Potential projects: #1 A general purpose document annotation system
2009-01-05
In December I was in Cambridge visiting Peter Murray Rust's group. I have been working with Jim Downing, Nick Day and Joe Townsend on the TheOREM-ICEproject.
Thanks to the Cambridge team for hosting me, the several visits to the pub and to Peter for inviting me to dinner at his college. Luckily I don't think there are any photos of me wearing the tie.
While I was there we also looked at the latest JISC grant funding call, with visitors Ben O'Steen and David Flanders. There was some very interesting discussion but I'd better not say any more than that at this stage. Last time I looked, the University of Southern Queensland was not in the UK so we're not eligible for JISC funds, but we can work with UK institutions as we are with the ICE work on the TheOREM project.

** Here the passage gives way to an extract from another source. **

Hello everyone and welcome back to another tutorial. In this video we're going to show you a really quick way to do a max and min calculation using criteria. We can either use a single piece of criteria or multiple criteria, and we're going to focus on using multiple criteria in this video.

What I thought I'd do is put up a couple of posts about small development projects where I think our group here at the Australian Digital Futures Institute could make an efficient contribution, and see if these ideas align with work that groups in the UK might be doing or contemplating.

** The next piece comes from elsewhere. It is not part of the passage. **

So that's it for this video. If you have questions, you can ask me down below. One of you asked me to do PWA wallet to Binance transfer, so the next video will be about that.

The first such post is on a general purpose document annotation system, building on the work we have done in the ICE content management system and our repository work. This project is to build collaboration service initially for document annotation and commenting, but with scope for several enhancements which are discussed below. I've talked this one over with Jim Downing, and it has a lot in common with one of his pet projects.
Why?
One motivation for this proposal is that we have an annotation system in the Integrated Content Environment (ICE), which we have been using for document-centered collaboration throughout this year and it has been a very valuable service. The system has been used to seek comment from internal and external parties on documents ranging from blog posts to grant applications to journal and conference articles. The annotation system is a pure-web system where reviewers can quickly and easily contribute comments on a document and carry on threaded conversations inline.
While the system is useful, it has some issues – the main ones being that to invite comment we currently have to add users to our ICE website and the system is also tied to ICE. ICE is a great way to make good quality HTML but there is no particular requirement for this kind of service that the HTML be good quality.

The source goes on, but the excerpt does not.